**What you have to do:**
Restate word for word the lines beginning with the one that contains "Blue Folk Birds" and ending at the bottom of the records below, both included.

Dataset entries:
****
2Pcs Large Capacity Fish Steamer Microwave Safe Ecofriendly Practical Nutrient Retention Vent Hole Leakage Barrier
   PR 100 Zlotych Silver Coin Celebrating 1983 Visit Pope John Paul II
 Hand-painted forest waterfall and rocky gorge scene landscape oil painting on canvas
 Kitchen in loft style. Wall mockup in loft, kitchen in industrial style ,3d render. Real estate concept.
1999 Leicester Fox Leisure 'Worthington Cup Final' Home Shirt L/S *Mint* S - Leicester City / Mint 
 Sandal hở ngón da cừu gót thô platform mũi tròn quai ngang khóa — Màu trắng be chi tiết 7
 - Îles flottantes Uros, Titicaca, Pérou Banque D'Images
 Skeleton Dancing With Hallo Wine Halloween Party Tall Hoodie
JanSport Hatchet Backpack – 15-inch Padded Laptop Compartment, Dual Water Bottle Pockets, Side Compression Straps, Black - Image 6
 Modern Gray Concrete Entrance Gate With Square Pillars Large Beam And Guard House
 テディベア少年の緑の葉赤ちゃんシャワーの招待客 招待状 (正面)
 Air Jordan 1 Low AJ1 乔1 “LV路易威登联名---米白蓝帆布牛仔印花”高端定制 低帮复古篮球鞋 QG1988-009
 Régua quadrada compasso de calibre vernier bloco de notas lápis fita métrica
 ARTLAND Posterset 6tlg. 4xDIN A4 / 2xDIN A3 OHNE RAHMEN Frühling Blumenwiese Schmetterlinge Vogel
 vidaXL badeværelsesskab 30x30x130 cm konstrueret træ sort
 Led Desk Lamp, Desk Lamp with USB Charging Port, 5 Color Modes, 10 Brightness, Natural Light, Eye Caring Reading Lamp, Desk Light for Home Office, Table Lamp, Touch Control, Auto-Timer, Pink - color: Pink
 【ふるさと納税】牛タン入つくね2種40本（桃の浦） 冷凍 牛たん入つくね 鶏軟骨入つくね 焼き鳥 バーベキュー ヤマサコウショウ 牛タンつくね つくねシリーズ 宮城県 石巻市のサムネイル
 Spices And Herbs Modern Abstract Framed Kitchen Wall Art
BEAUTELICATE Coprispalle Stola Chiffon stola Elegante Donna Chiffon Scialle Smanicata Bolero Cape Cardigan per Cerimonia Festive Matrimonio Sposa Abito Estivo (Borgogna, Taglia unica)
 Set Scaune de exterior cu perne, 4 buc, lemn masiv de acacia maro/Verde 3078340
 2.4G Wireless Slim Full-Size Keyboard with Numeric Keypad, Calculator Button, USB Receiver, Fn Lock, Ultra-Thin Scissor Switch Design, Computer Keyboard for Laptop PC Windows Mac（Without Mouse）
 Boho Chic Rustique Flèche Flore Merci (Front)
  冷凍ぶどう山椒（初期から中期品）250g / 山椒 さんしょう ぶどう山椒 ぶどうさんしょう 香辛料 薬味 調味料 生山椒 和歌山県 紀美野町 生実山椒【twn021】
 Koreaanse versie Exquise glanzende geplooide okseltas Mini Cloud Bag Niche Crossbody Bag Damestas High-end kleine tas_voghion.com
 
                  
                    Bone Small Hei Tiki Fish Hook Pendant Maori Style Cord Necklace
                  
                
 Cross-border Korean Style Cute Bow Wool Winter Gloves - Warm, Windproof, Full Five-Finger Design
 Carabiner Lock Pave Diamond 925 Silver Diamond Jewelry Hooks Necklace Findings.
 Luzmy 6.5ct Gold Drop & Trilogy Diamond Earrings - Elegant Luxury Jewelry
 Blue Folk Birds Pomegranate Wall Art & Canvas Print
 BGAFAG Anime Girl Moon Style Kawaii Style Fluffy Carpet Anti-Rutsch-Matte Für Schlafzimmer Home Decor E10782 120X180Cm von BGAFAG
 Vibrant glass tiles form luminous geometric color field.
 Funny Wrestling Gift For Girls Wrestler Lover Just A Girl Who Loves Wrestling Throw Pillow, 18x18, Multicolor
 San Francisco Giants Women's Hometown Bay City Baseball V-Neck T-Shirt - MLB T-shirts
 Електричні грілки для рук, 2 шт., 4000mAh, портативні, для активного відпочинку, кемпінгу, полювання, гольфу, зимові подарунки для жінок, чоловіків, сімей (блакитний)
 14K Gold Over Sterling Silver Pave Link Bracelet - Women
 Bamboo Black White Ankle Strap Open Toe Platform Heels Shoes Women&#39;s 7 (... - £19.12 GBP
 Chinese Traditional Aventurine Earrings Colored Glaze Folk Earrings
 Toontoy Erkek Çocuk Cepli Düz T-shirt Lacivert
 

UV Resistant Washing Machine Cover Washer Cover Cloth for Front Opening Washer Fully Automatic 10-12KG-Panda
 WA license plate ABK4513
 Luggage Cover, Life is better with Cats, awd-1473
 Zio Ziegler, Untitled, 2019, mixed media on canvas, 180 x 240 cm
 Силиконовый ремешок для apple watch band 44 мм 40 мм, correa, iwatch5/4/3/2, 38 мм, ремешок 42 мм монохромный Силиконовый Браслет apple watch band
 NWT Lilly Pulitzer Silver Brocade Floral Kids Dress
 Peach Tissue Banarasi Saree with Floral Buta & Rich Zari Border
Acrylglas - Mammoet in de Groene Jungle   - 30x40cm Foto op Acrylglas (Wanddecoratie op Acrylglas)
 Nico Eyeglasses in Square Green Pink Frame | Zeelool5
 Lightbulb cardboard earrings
****
**Result for this task:**
 Blue Folk Birds Pomegranate Wall Art & Canvas Print
 BGAFAG Anime Girl Moon Style Kawaii Style Fluffy Carpet Anti-Rutsch-Matte Für Schlafzimmer Home Decor E10782 120X180Cm von BGAFAG
 Vibrant glass tiles form luminous geometric color field.
 Funny Wrestling Gift For Girls Wrestler Lover Just A Girl Who Loves Wrestling Throw Pillow, 18x18, Multicolor
 San Francisco Giants Women's Hometown Bay City Baseball V-Neck T-Shirt - MLB T-shirts
 Електричні грілки для рук, 2 шт., 4000mAh, портативні, для активного відпочинку, кемпінгу, полювання, гольфу, зимові подарунки для жінок, чоловіків, сімей (блакитний)
 14K Gold Over Sterling Silver Pave Link Bracelet - Women
 Bamboo Black White Ankle Strap Open Toe Platform Heels Shoes Women&#39;s 7 (... - £19.12 GBP
 Chinese Traditional Aventurine Earrings Colored Glaze Folk Earrings
 Toontoy Erkek Çocuk Cepli Düz T-shirt Lacivert
 

UV Resistant Washing Machine Cover Washer Cover Cloth for Front Opening Washer Fully Automatic 10-12KG-Panda
 WA license plate ABK4513
 Luggage Cover, Life is better with Cats, awd-1473
 Zio Ziegler, Untitled, 2019, mixed media on canvas, 180 x 240 cm
 Силиконовый ремешок для apple watch band 44 мм 40 мм, correa, iwatch5/4/3/2, 38 мм, ремешок 42 мм монохромный Силиконовый Браслет apple watch band
 NWT Lilly Pulitzer Silver Brocade Floral Kids Dress
 Peach Tissue Banarasi Saree with Floral Buta & Rich Zari Border
Acrylglas - Mammoet in de Groene Jungle   - 30x40cm Foto op Acrylglas (Wanddecoratie op Acrylglas)
 Nico Eyeglasses in Square Green Pink Frame | Zeelool5
 Lightbulb cardboard earrings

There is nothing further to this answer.